| WORK TO COMPLETE |
Print out the data below in full and exactly, skipping the pictures.

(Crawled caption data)
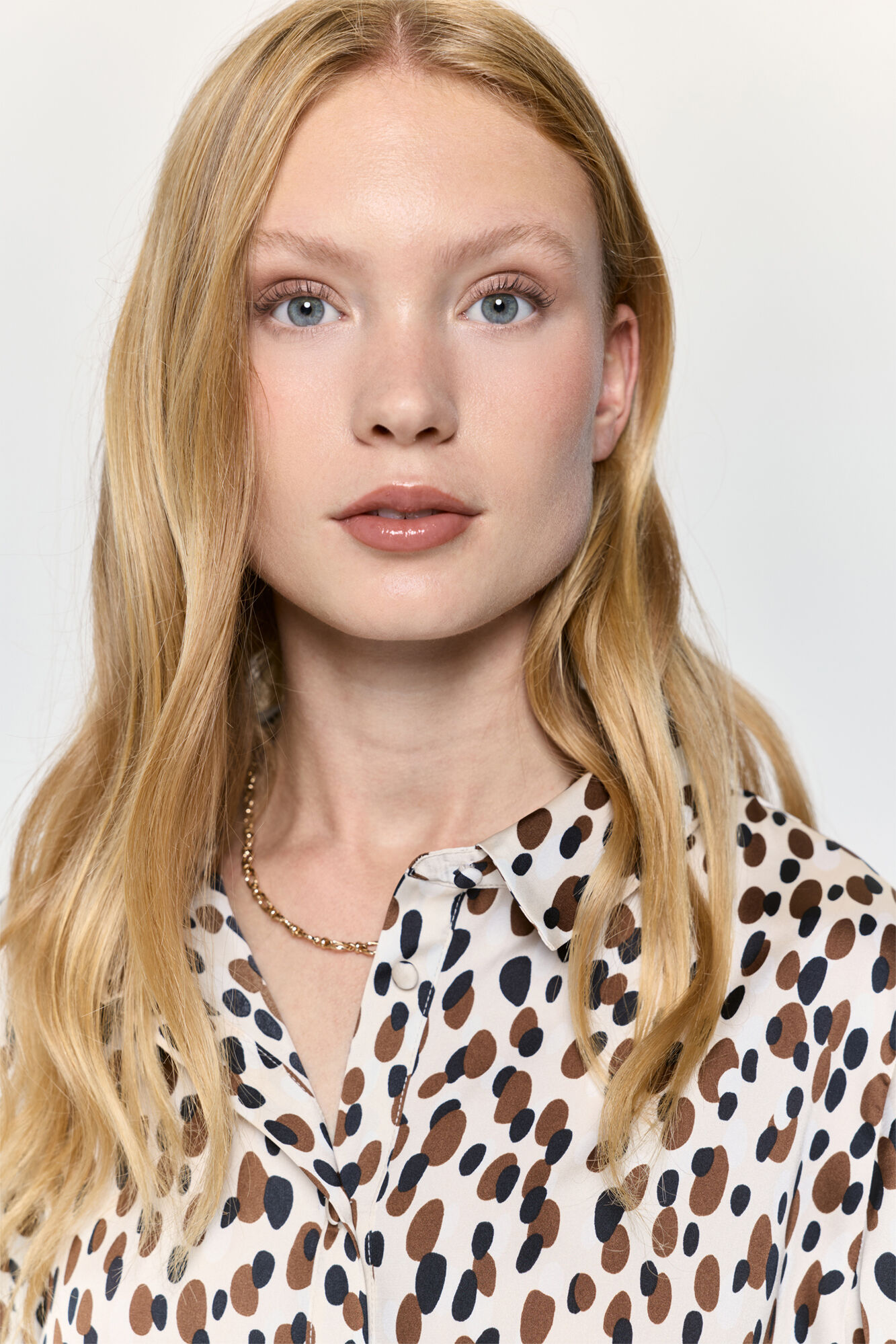 Milano Camisa estampada con satinado Beige/Claro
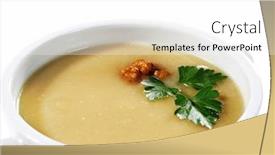  Presentation with walnut - PPT theme with onion-cream-soup-dressed background and a white colored foreground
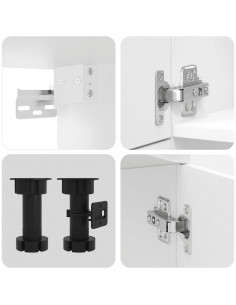 Set Mobili da Cucina 7 pz Kalmar Bianchi Lucido in Truciolato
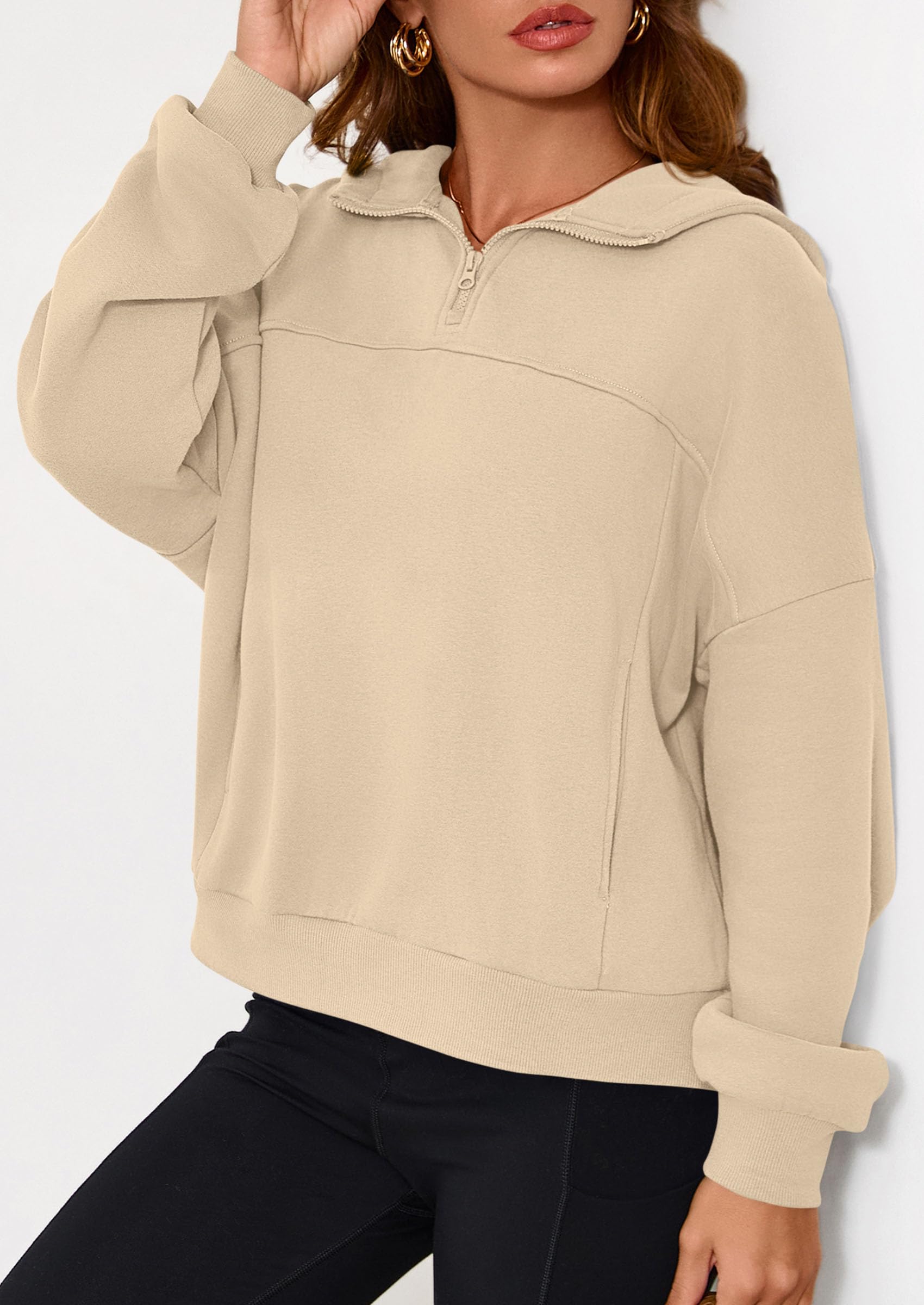 Cropped Quarter Zip Fleece Sweatshirt, Long Sleeve Hoodie with Kangaroo Pocket for Fall Winter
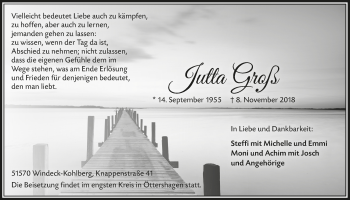 Anzeige von Jutta Groß von  Lokalanzeiger 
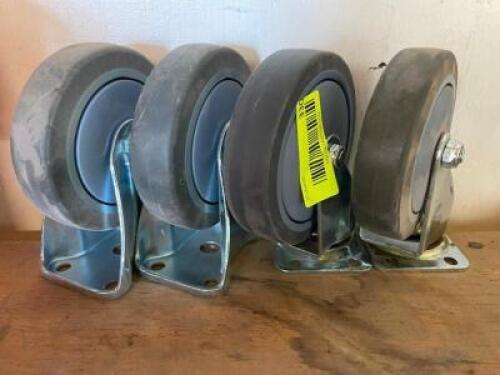 DESCRIPTION: (4) 4" HEAVY DUTY RUBBER CASTER WHEELS. THIS LOT IS: ONE MONEY LOCATION SHOP QTY: 1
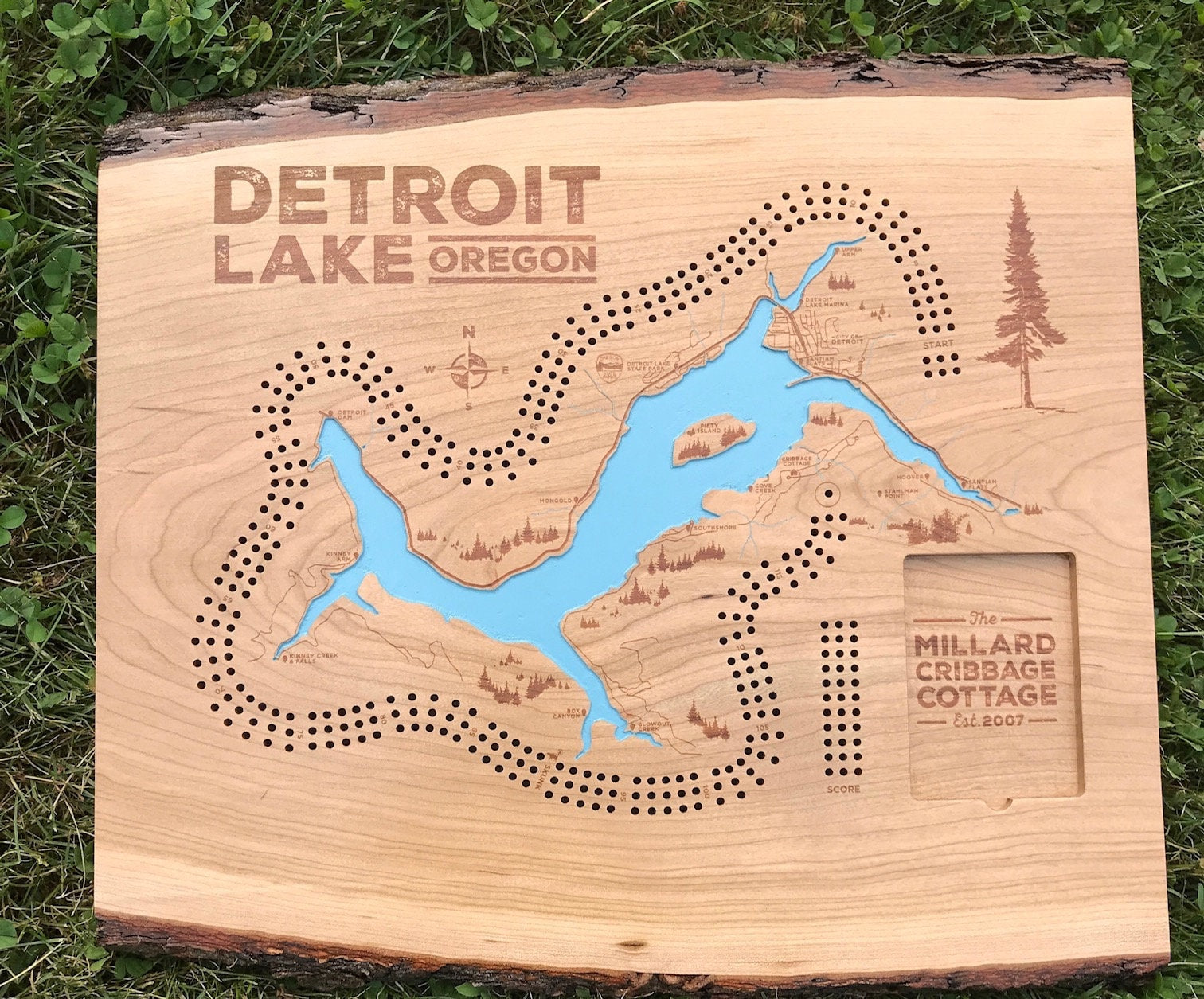 Personalized, Customized Lake Cribbage Board & Wall Art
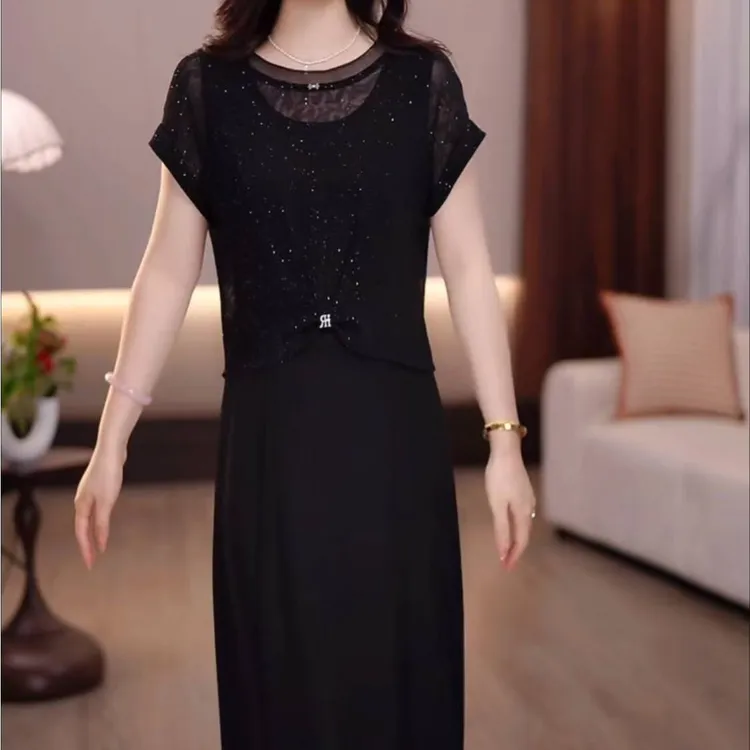 5175#2025夏季新款时尚优雅小衫+无袖显瘦打底连衣裙M-4XL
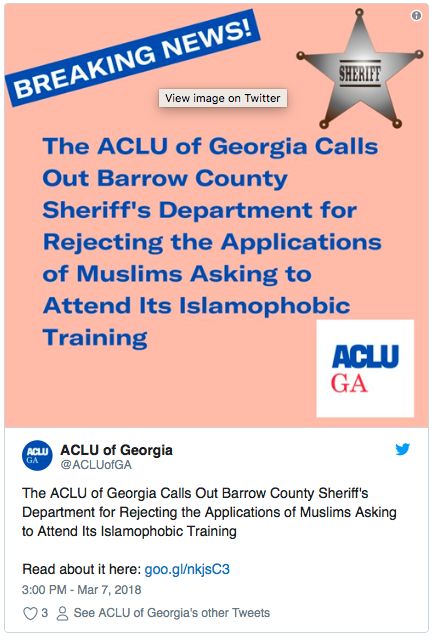 Breaking News ACLU of GA call out Barrow County Sherif's Department
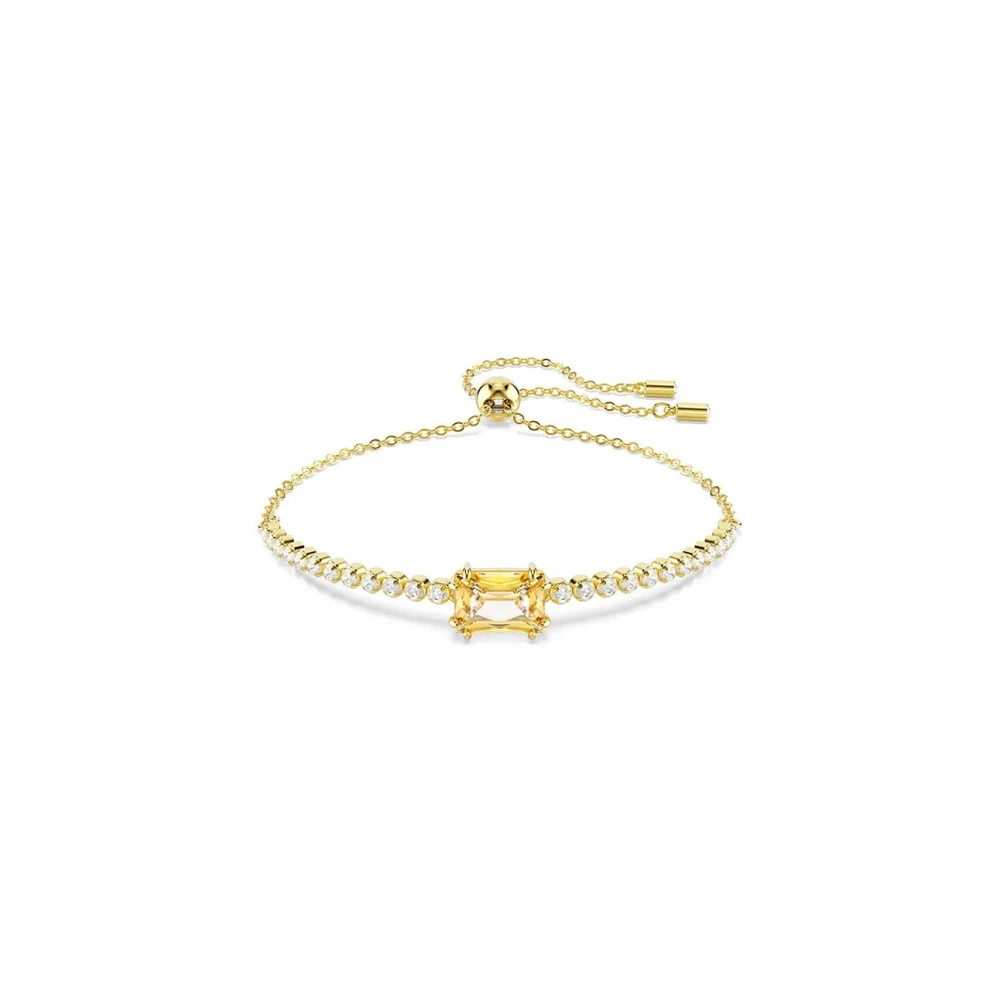 Swarovski Matrix Tennis Armband, Verschiedene Schliffe, Karamell, 18K Goldbeschichtet Braun - Bild 5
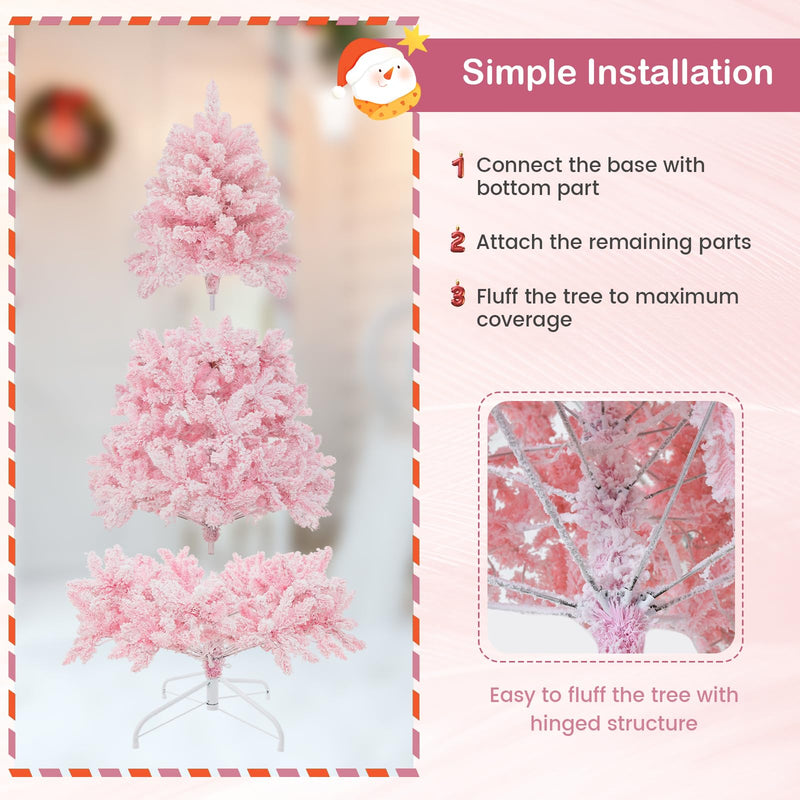 Load image into Gallery viewer, Goplus 6FT Pink Pre-lit Christmas Tree, Hinged Snow Flocked Artificial Xmas Tree, Seasonal Holiday Decoration for Office Home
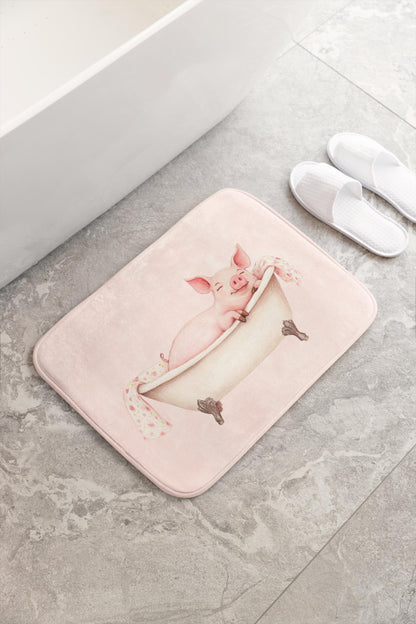 Pig Bath Mat – Cute Pink Farm Animal Bathroom Rug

| OUTPUT OF THE EXERCISE |
 Milano Camisa estampada con satinado Beige/Claro
  Presentation with walnut - PPT theme with onion-cream-soup-dressed background and a white colored foreground
 Set Mobili da Cucina 7 pz Kalmar Bianchi Lucido in Truciolato
 Cropped Quarter Zip Fleece Sweatshirt, Long Sleeve Hoodie with Kangaroo Pocket for Fall Winter
 Anzeige von Jutta Groß von  Lokalanzeiger 
 DESCRIPTION: (4) 4" HEAVY DUTY RUBBER CASTER WHEELS. THIS LOT IS: ONE MONEY LOCATION SHOP QTY: 1
 Personalized, Customized Lake Cribbage Board & Wall Art
 5175#2025夏季新款时尚优雅小衫+无袖显瘦打底连衣裙M-4XL
 Breaking News ACLU of GA call out Barrow County Sherif's Department
 Swarovski Matrix Tennis Armband, Verschiedene Schliffe, Karamell, 18K Goldbeschichtet Braun - Bild 5
 Load image into Gallery viewer, Goplus 6FT Pink Pre-lit Christmas Tree, Hinged Snow Flocked Artificial Xmas Tree, Seasonal Holiday Decoration for Office Home
 Pig Bath Mat – Cute Pink Farm Animal Bathroom Rug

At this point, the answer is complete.